Task item - Leave out all pictures. Extract exactly the lines from the one containing "American Style Fridge" through the end of the data.

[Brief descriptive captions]

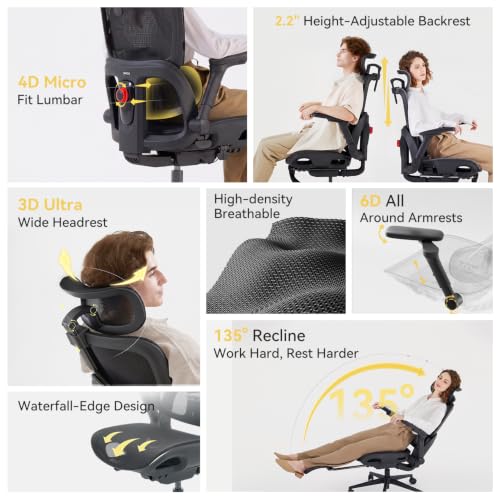 Image of SIHOO B300 Pro Ergonomic Office Chair with Footrest, 4D Lumbar Support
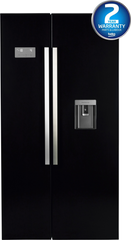 American Style Fridge Freezer with Water Dispenser, 179cm (H) in Black | ASD241B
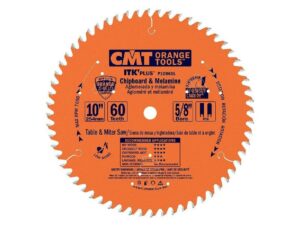 CMT P10060 ITK Plus Finish Saw Blade, 10-Inch x 60 Teeth, 10° ATB+Shear with 5/8-Inch bore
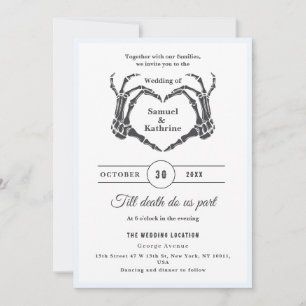 Gothic Romantic Skeleton Hand Halloween Wedding Invitation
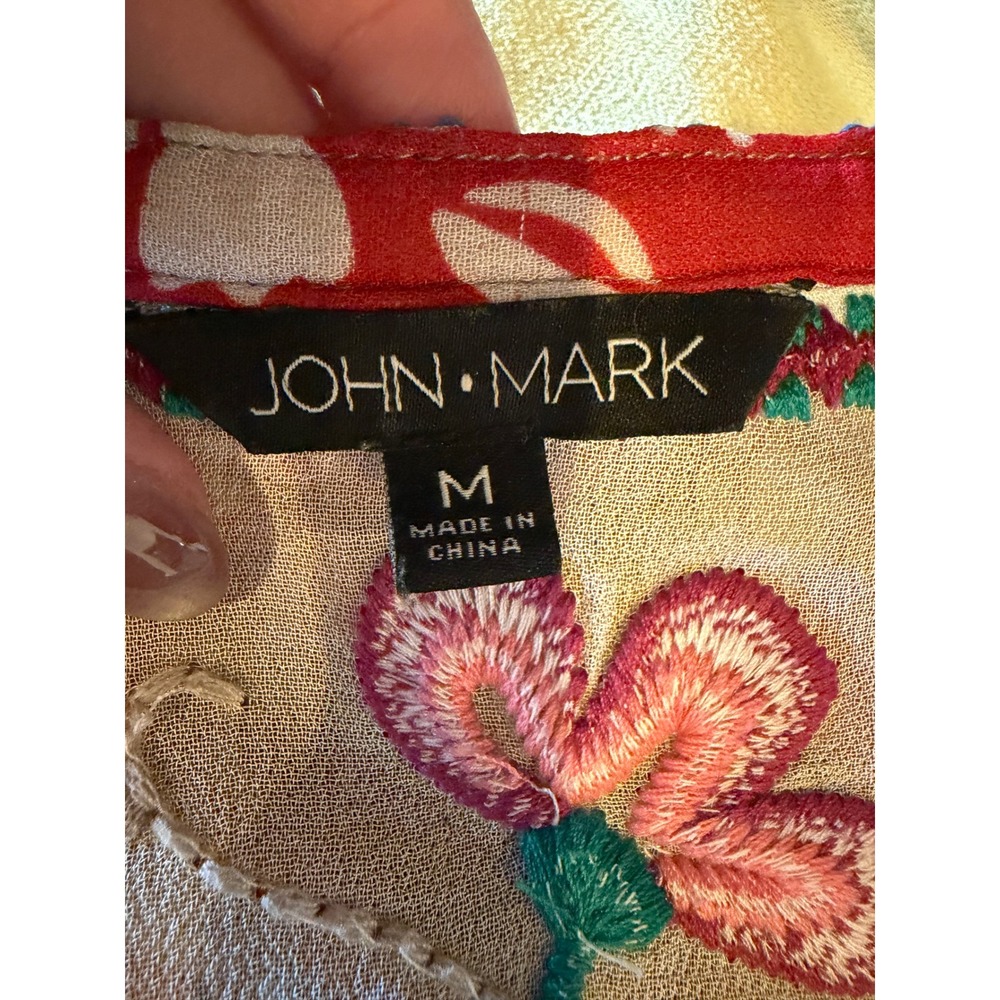 John Mark Duster Kimono Women Medium Yellow Floral Patchwork Embroidered Boho - Picture 12 of 14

Solution to this exercise -
 American Style Fridge Freezer with Water Dispenser, 179cm (H) in Black | ASD241B
 CMT P10060 ITK Plus Finish Saw Blade, 10-Inch x 60 Teeth, 10° ATB+Shear with 5/8-Inch bore
 Gothic Romantic Skeleton Hand Halloween Wedding Invitation
 John Mark Duster Kimono Women Medium Yellow Floral Patchwork Embroidered Boho - Picture 12 of 14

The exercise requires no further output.